Report every line of the records beneath this task that holds the string "featuring".
[Start of Attachment]
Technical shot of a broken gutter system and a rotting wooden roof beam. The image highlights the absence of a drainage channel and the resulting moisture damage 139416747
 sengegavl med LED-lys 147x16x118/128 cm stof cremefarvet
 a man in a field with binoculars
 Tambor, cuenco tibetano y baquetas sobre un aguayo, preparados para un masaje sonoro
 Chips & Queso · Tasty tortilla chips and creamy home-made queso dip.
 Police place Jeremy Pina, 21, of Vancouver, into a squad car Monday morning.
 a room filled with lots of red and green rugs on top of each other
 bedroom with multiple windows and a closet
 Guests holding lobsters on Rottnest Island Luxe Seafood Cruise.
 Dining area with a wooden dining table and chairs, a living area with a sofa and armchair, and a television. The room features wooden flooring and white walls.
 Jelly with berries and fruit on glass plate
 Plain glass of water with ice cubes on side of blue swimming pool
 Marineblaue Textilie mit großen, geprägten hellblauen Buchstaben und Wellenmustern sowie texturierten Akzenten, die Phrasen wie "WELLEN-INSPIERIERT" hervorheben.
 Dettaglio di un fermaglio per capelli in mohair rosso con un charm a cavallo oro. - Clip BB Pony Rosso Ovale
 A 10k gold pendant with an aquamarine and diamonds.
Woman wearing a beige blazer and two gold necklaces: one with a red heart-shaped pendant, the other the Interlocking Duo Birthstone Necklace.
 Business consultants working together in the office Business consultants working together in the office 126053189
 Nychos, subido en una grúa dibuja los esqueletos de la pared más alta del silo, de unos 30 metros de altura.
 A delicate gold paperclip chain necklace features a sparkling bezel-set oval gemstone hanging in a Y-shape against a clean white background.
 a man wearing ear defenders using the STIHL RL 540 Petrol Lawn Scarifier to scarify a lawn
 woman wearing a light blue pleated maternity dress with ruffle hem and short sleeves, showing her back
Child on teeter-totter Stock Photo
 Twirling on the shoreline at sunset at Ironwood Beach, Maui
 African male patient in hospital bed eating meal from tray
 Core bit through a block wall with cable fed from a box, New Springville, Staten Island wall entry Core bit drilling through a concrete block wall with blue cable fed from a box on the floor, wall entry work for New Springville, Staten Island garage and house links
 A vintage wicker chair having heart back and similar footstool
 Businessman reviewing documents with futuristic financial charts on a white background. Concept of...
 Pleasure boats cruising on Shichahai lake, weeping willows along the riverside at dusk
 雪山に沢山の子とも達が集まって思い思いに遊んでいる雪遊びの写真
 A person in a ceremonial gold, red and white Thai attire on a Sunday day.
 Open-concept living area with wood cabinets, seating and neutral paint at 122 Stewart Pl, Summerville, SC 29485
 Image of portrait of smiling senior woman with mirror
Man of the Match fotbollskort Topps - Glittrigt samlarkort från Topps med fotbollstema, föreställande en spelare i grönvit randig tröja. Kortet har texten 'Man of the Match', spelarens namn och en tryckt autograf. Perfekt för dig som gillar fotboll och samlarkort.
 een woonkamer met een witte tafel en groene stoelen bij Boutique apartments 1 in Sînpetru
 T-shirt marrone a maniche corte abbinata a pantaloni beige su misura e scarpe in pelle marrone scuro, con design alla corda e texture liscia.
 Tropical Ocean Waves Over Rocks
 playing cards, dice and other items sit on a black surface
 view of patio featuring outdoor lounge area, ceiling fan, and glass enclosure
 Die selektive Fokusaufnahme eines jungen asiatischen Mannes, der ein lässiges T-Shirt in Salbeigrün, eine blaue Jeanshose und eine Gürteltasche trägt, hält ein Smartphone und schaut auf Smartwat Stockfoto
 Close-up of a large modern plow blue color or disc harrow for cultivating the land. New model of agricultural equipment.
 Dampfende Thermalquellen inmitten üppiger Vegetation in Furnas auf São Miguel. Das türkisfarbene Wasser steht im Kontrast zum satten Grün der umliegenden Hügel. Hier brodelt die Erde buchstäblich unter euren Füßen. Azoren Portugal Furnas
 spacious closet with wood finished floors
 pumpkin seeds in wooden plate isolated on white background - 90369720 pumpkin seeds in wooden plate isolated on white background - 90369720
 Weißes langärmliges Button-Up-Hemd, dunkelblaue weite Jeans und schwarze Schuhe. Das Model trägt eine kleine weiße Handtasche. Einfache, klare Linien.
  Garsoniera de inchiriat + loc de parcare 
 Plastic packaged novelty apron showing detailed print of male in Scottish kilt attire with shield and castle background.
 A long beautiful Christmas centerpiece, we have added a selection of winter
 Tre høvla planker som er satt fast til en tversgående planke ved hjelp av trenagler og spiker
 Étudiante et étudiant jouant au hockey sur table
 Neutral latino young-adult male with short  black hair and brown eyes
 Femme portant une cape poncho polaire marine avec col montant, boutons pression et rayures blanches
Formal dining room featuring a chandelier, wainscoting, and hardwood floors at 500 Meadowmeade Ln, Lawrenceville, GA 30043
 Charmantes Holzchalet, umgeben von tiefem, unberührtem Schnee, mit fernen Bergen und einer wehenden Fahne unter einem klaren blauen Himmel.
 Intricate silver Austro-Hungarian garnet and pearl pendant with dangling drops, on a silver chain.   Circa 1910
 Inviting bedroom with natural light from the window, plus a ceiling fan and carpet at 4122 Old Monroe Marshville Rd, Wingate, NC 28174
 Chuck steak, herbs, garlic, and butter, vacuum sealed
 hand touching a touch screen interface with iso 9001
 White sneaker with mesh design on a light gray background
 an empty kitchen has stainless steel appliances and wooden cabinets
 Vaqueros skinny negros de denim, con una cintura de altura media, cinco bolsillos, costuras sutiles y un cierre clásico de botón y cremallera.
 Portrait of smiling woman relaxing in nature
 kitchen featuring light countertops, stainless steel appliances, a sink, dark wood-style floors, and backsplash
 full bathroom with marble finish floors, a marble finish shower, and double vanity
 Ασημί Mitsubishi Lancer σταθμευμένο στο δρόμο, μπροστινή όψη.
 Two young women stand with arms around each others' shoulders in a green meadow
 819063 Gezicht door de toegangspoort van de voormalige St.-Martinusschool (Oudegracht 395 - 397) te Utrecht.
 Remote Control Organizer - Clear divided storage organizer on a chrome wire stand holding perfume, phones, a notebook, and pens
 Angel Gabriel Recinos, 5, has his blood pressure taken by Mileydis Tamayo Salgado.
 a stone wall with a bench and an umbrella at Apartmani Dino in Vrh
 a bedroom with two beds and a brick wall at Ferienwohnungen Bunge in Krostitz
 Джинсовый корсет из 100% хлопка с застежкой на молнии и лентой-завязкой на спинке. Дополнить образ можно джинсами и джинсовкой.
[End of Attachment]
- Exercise solution -
 view of patio featuring outdoor lounge area, ceiling fan, and glass enclosure
Formal dining room featuring a chandelier, wainscoting, and hardwood floors at 500 Meadowmeade Ln, Lawrenceville, GA 30043
 kitchen featuring light countertops, stainless steel appliances, a sink, dark wood-style floors, and backsplash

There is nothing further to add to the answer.